COVID-19 Vaccination Protocol Recommendations
Everyone aged 6 months and older should receive a 2024-2025 COVID-19 vaccine dose, regardless of previous vaccination history, with timing based on last COVID-19 vaccine dose or infection. 1
General Population Vaccination Schedule
The current COVID-19 vaccination protocol follows these guidelines:
Previously vaccinated individuals (≥12 years):
- Receive 1 dose of 2024-2025 COVID-19 vaccine (Moderna, Pfizer-BioNTech, or Novavax)
- Wait at least 8 weeks after last COVID-19 vaccine dose 1
Previously unvaccinated individuals (≥12 years):
- Moderna or Pfizer-BioNTech: 1 dose
- Novavax: 2 doses, 3-8 weeks apart 1
Children (6 months-11 years):
- Unvaccinated: 2 doses of Moderna vaccine (4-8 weeks apart) or 3 doses of Pfizer-BioNTech (3-8 weeks between doses 1-2, ≥8 weeks between doses 2-3)
- Previously vaccinated: 1 dose of 2024-2025 COVID-19 vaccine at least 8 weeks after last dose 1
Special Populations
Immunocompromised Individuals
- Immunocompromised individuals who have completed an initial series and received at least 1 dose of a 2024-2025 COVID-19 vaccine may receive 1 additional age-appropriate dose at least 2 months after the last recommended dose 1
Cancer Patients
- Vaccination recommended for all persons with cancer or previously treated for cancer
- Vaccination should occur at least 2 weeks before starting immunosuppressive therapies when possible 1
- Hematopoietic cell transplant recipients should receive vaccination 6 months post-transplant (consider earlier vaccination at 3 months during community outbreaks) 1
Rheumatologic and Autoimmune Diseases
Medication timing considerations:
No modifications needed for:
- Hydroxychloroquine, apremilast, IVIG, glucocorticoids (<20 mg/day prednisone equivalent)

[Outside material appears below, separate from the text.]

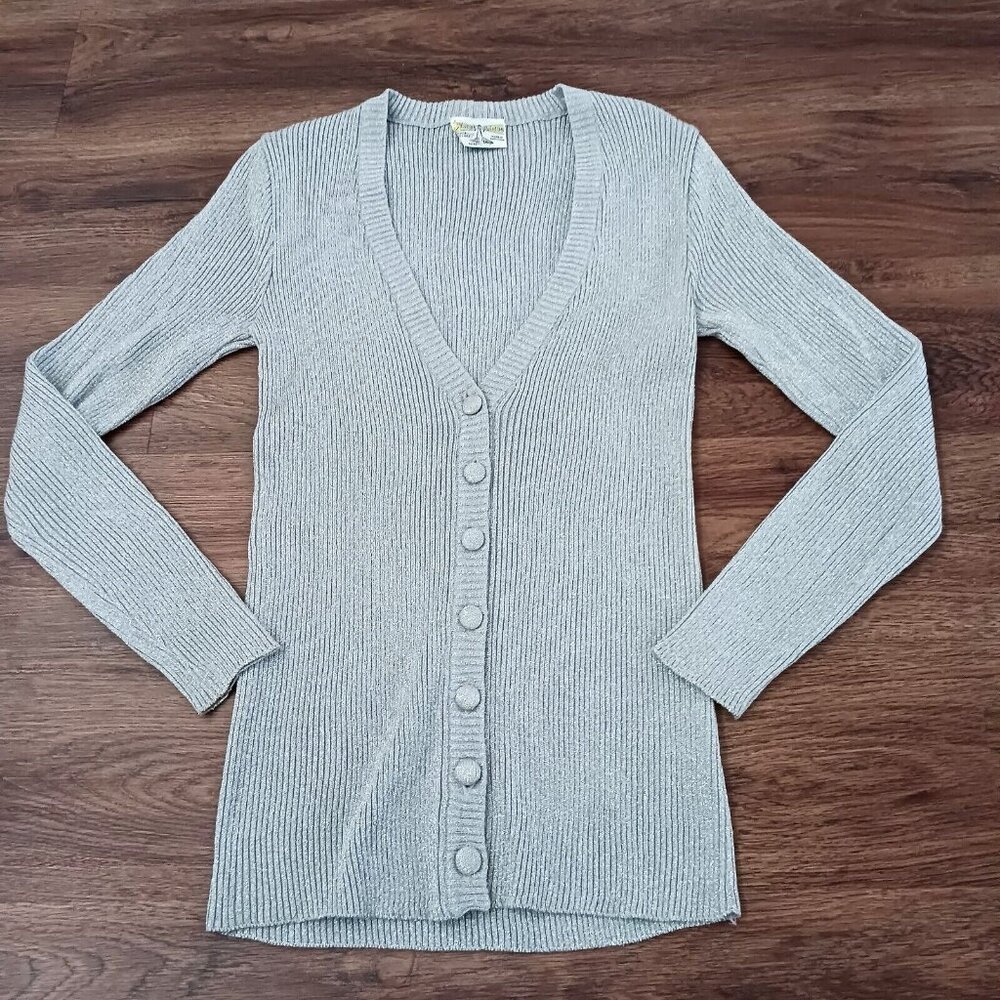 Vintage Norton's Point Silver Metallic Cardigan Lightweight Sweater XS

- Sulfasalazine, leflunomide, mycophenolate mofetil, azathioprine, oral cyclophosphamide, TNF inhibitors, IL-6R, IL-1Ra, IL-17, IL-12/IL-23, IL-23, belimumab, oral calcineurin inhibitors 2
Methotrexate: Withhold for 1 week after each vaccine dose (if disease well-controlled) 2
JAK inhibitors: Withhold for 1 week after each vaccine dose 2
Abatacept (SC): Withhold 1 week before and 1 week after first vaccine dose only; no interruption for second dose 2
Abatacept (IV): Time administration so first vaccination occurs 4 weeks after infusion; postpone subsequent infusion by 1 week 2
Rituximab:
Cyclophosphamide (IV): Time administration to occur ~1 week after each vaccine dose when feasible 2
Transplant Patients
- Vaccination recommended early in the course of underlying disease
- After transplantation, postpone vaccination for 3-6 months
- If first dose received before transplantation, administer second dose at least 4 weeks after transplantation
- A third dose may be warranted for optimal immunity 2
Liver Disease/Transplant
- Recommended for patients with chronic liver disease, with priority for higher MELD scores
- Patients on transplant list should receive two doses before transplant
- For liver transplant recipients who received first dose before transplant, next dose can be given 6 weeks to 3 months after transplant
- Withhold vaccination in liver transplant recipients with active acute cellular rejection or those on high-dose corticosteroids until condition resolves 2
Vaccine Effectiveness and Safety
The 2024-2025 COVID-19 vaccines have demonstrated:
- 33% effectiveness against COVID-19-associated ED/UC visits among adults ≥18 years
- 45-46% effectiveness against COVID-19-associated hospitalization among immunocompetent adults ≥65 years
- 40% effectiveness against COVID-19-associated hospitalization among immunocompromised adults ≥65 years 1
Common reactions include injection site pain, fatigue, headache, and muscle pain
Serious adverse events are rare 1
Important Considerations
Timing is flexible: If timing in relation to immunomodulatory drugs is not under control, vaccination should be given rather than delayed 2
Prior COVID-19 infection: Research suggests one vaccine dose may be sufficient to increase both cellular and humoral immune response in COVID-19-recovered subjects 3, but current guidelines still recommend following the standard protocol for all individuals 1
Older adults: COVID-19 vaccines appear to be well-tolerated in older adults with similar immunogenicity across all age groups after a boost dose 4
Adverse event reporting: Report adverse events to the Vaccine Adverse Event Reporting System (VAERS), especially for vaccines under Emergency Use Authorization 1
The COVID-19 vaccination protocol continues to evolve as new evidence emerges, but following these current guidelines will help maximize protection against severe disease, hospitalization, and death from COVID-19.